In your copy of the data, include no pictures and alter nothing else.

[[ PROVIDED DATA open ]]

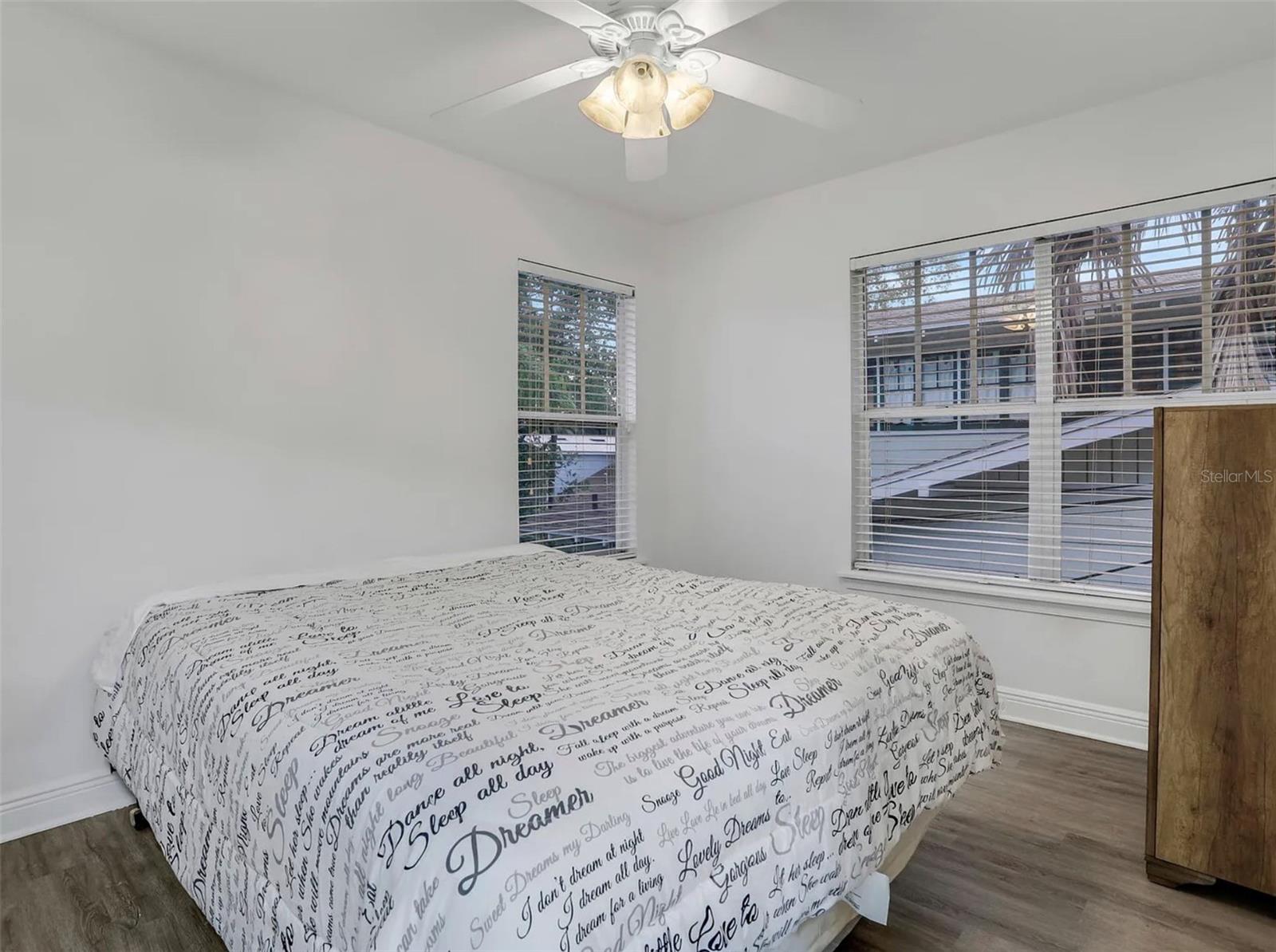 148 S THORNTON Ave ORLANDO, FL 32801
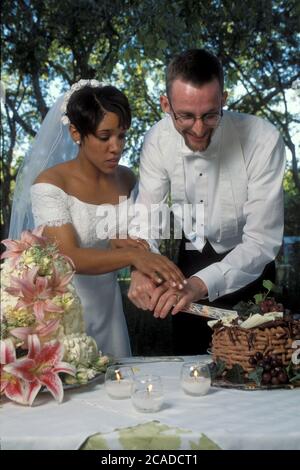 Réception de mariage d'une femme afro-américaine du milieu des années 20 et d'un homme anglo à Austin, Texas. ©Bob Daemmrich Banque D'Images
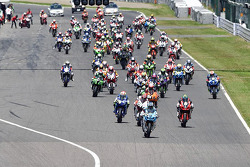 Start: #17 Suzuki: Yukio Kagayama, Noriyuki Haga, Ryuichi Kiyonari al comando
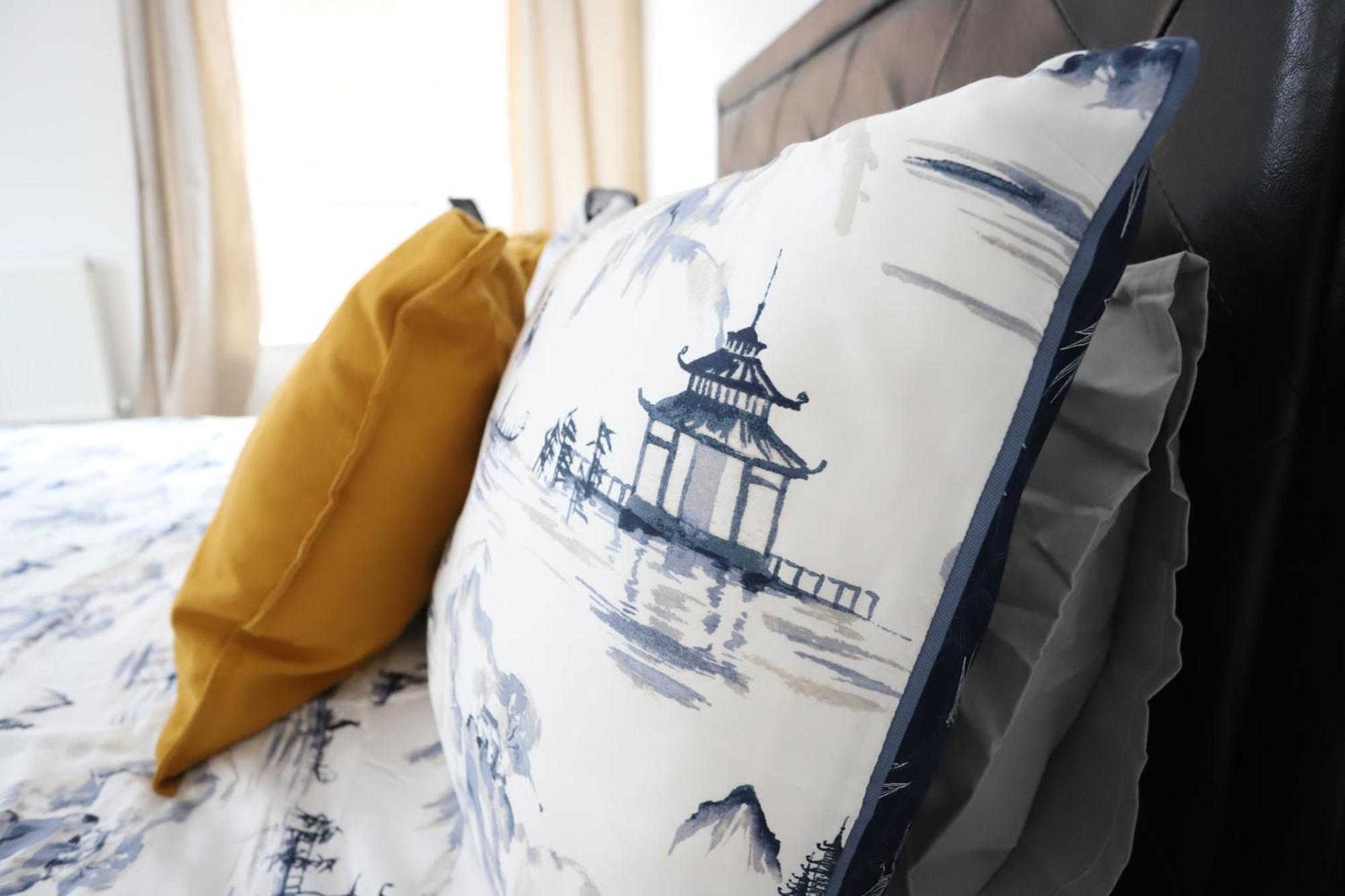 Spacious 3-Story Retreat With Rooftop Terrace And Modern Amenities ロンドン エクステリア 写真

[[ PROVIDED DATA closed ]]

[RESULT]
 148 S THORNTON Ave ORLANDO, FL 32801
 Réception de mariage d'une femme afro-américaine du milieu des années 20 et d'un homme anglo à Austin, Texas. ©Bob Daemmrich Banque D'Images
 Start: #17 Suzuki: Yukio Kagayama, Noriyuki Haga, Ryuichi Kiyonari al comando
 Spacious 3-Story Retreat With Rooftop Terrace And Modern Amenities ロンドン エクステリア 写真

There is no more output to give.